È ufficialmente iniziato il conto alla rovescia per la nona edizione della Val Brevettola Skyrace - Memorial Meme e Dado. Una corsa diventata ormai un appuntamento irrinunciabile per la comunità di Montescheno e non solo, ideata da un gruppo di amici per ricordare Manuel Tarovo e Davide Battro, scomparsi in un incidente in montagna nel 2016. “L’idea di ricordarli attraverso non solo una gara, ma un evento che coinvolge tutta la comunità, rimane il vero motore della manifestazione”, racconta Lorenzo Pavesi a nome dell’organizzazione.
L’appuntamento è fissato per domenica 26 luglio. Il percorso è quello classico: 21 chilometri per 1860 metri di dislivello. Si parte dalla piazza di Montescheno, da cui prende subito il via una lunga e intensa saluta verso l’alpe Ogaggia. Il percorso tocca poi l’alpe Vauzone, il passo di Arnigo, il passo di Saudera e il colle del Pianino, per poi tornare in paese.

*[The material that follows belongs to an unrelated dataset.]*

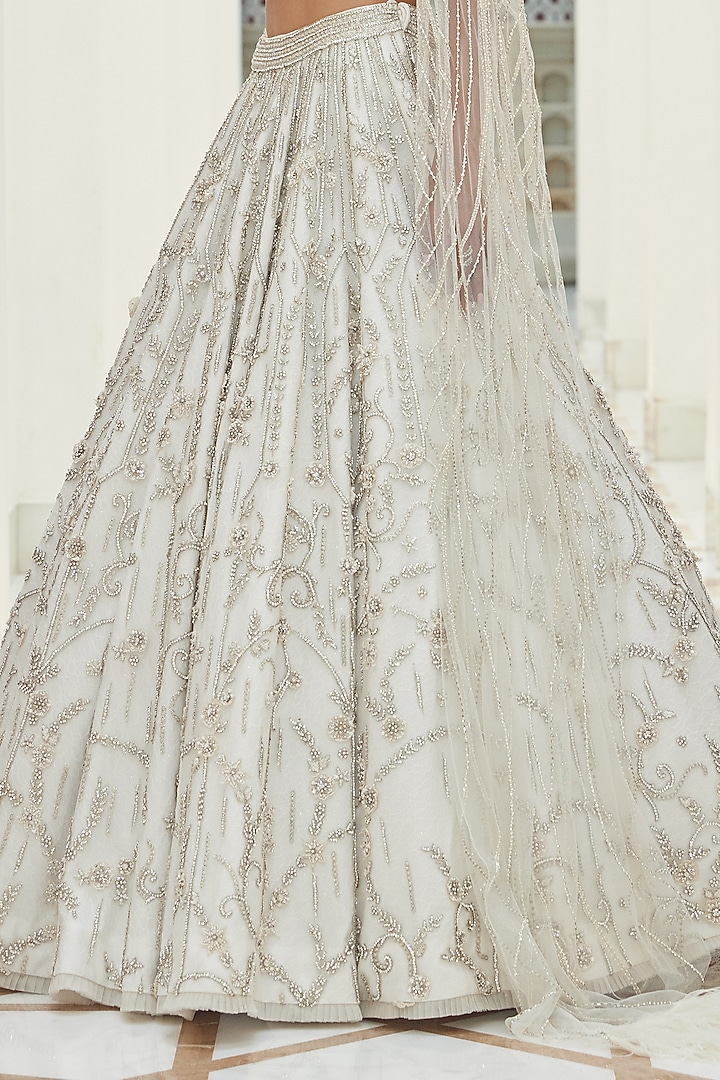 Ivory Net Beads & Sequins Embroidered Bridal Bridal Lehenga Set by NITIKA GUJRAL at Pernia's Pop Up Shop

Il ritrovo è previsto a partire alle 6.30 a Montescheno per il ritiro dei pacchi gara. Alle 8.30 la partenza. Dalle 12.00 il pranzo preparato dal Formont di Villadossola e, dalle 15.00, le premiazioni. Alle 9.30 prenderà il via la corsa dedicata ai bambini.
Sono circa 240 gli atleti attesi ai nastri di partenza. “Anche quest’anno avremo atleti di altissimo livello - spiegano gli organizzatori -. Tra le donne, c’è attesa per il ritorno di Elisa Desco, vincitrice dello scorso anno, che punterà a battere il record della gara. Tra gli uomini a darsi battaglia ci saranno due atleti keniani e un atleta valsesiano, Mattia Bertoncini, tutti di livello internazionale. Ma potremo contare anche su tantissimi atleti del nostro territorio, che hanno dimostrato grande valore”.
Fondamentale, come sempre, il contributo dei volontari, che sono la vera anima della manifestazione. “Quest’anno possiamo contare su più di 200 volontari, sempre disponibili e presenti per l’intera organizzazione della gara. Non solo nel giorno dell’evento: nei giorni scorsi più di 40 persone, non solo di Montescheno e della Valle Antrona, erano presenti sul percorso per la pulizia dei sentieri e per diverse giornate di lavoro”. Tra i volontari, anche alcuni dei ragazzi che nel mese di giugno hanno preso parte alla prima edizione del camp estivo promosso dall’associazione Val Brevettola.